Curiosity overcame me. After I released another fish, I reeled in the line and sat at the bank. I copied the stoic man by sitting on a rock and observed the surrounding conditions of the river, the fishermen on the river, and the weather. I watched each fisherman as did the young man by the blue Chevy. I watched their casting technique. I watched as they changed flies. I watched how they waded the river. I watched as they caught no fishing and left quietly to go to their vehicles, and the young man watched the same scene as one by one each fisherman left until the only ones left were the two observers. My curiosity would be satisfied, the young man came directly to me without hesitation. I surmised he was not just here to fish.

He approached me and introduced himself. As we talked, he informed me he traveled from Bailey, CO. to find a place to fish. The river he fished and guided at Bailey was swelled by the spring thaw and fishing and guiding was near impossible. We talked about the difficulty and challenge of fishing high water. We talked about the types of hand tied flies we each used. We traded stories of success and near success, and most importantly, we noted the singular enjoyment of the fishing experience.

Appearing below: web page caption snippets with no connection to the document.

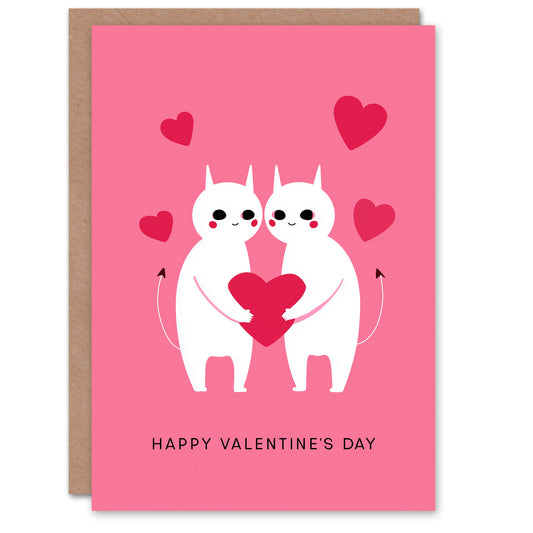 Two Cute Kawaii Cartoon Demons in Love Modern Fun Valentine's Day Card
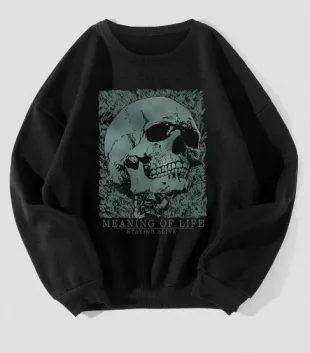 Grunge Punk Skull & Letter Graphic Sweatshirt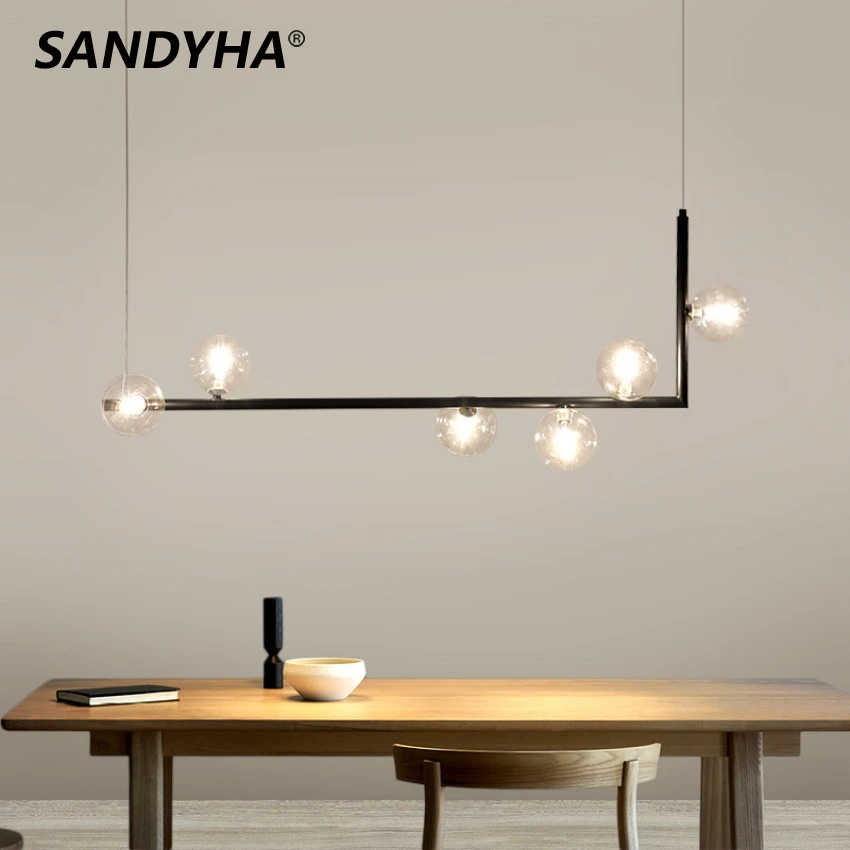 

SANDYHA Nordic Modern Glass Ball Pendant Light Loft Dining Living Bedroom Furniture Hall Led Home Decor Indoor Lighting 220V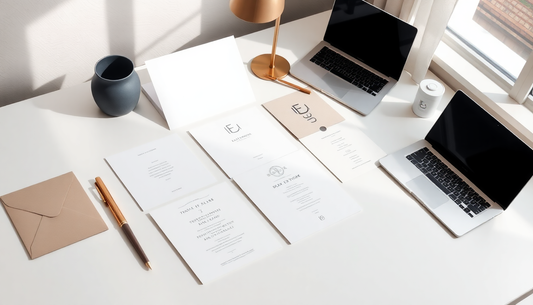 Elegant workspace showcasing digital invitation templates on a minimalistic desk with a laptop and stationery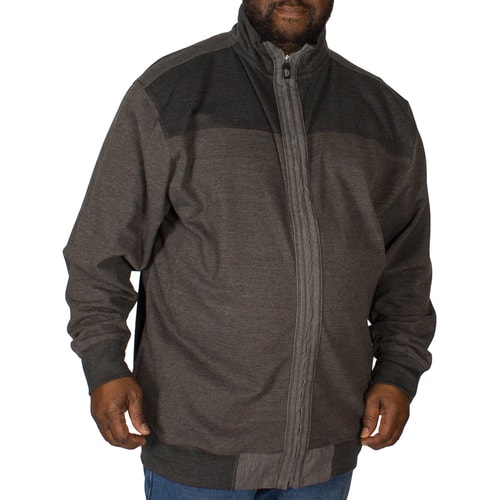 KAM Full Zip Canvas Sweater Charcoal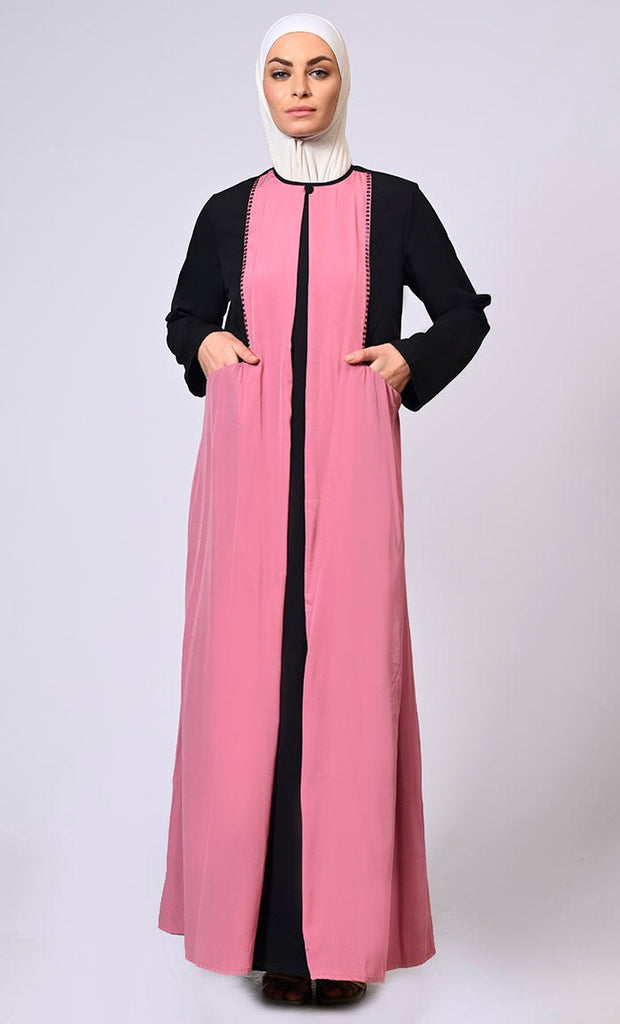 Double Layered Pink Abaya with Sequined Yoke and Front Pockets - EastEssence.com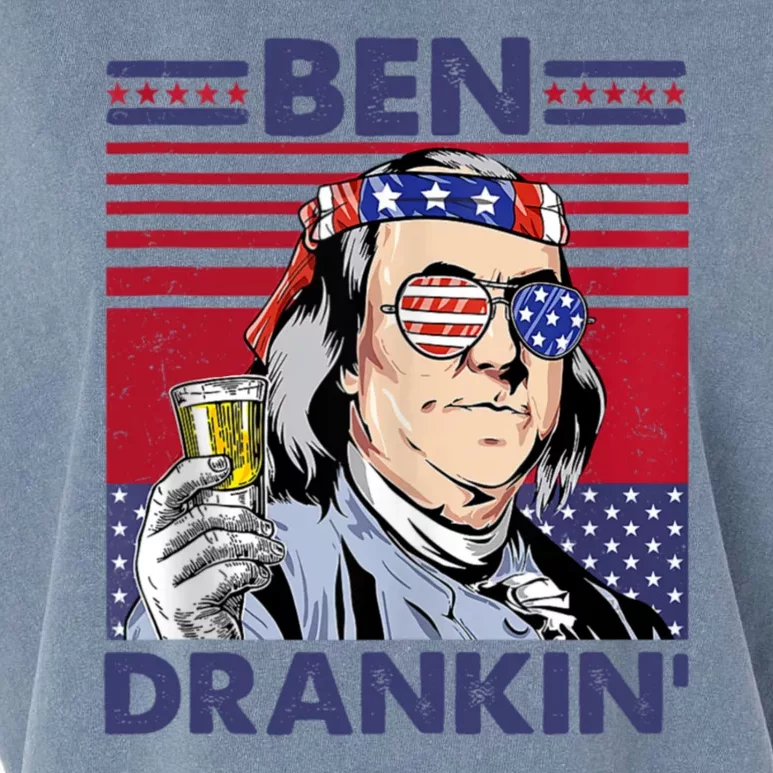 Ben Drankin Funny 4th Of July Drinking Presidents Garment-Dyed Women's Muscle Tee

He questioned me about my knowledge of the South Platte, and where would be a good place to bring novices. He asked about the flow and the depth of the water. He asked about the accessibility during this time of high water. He asked about the best patterns and types of flies to use in these places. As we talked about patterns, I offered him some samples that have been excellent trout attractors. It was then that he told me he sensed I was different from the other anglers. He saw how I had been able to land fish while the others were just soaking feather and fur. He was amazed when I quit fishing to observe as he had been doing.

It is not often when one fisherman meets another fisherman cut from the same bolt of cloth. When it happens, it is as unforgettable as your name. As the dusk came upon us, he offered me two of his favorite dry flies, a Quill Gordon and a Blue Winged Olive. I spent little time during that fishing journey on fishing. I spent most of the time fellowshipping with another on the joys of fishing and the sharing of an exclusive respect.

I have had experiences that defy the laws of probability. One summer just after Father's day, I spent the afternoon fishing the South Platte in Deckers. The joy of the day was fishing with my new Father's day present from my children. I received for a present a cap that had a rainbow trout through it (cloth of course). The head of the trout protruded from above the bill of the cap, and the tail came out just above the size adjustor. It was a unique cap to say the least and it also won a prize at work for the ugliest cap. I, however, enjoyed the cap because it was from my children.

As usual, there were other fishermen around the South Platte that day. A particularly friendly gentleman started a conversation with me from the shore. I was busy nymphing, so I could not make any eye contact with the gentlemen. The conversation started with the weather, then the fishing, and finally Father's day. He asked if the cap I was wearing was a present. Between casts, I finally turned to the gentleman and responded the cap was a present from my children. It was then that I noticed, and he informed me, that he was wearing his Father's day present also, an exact duplicate of my hat! We both laughed heartily.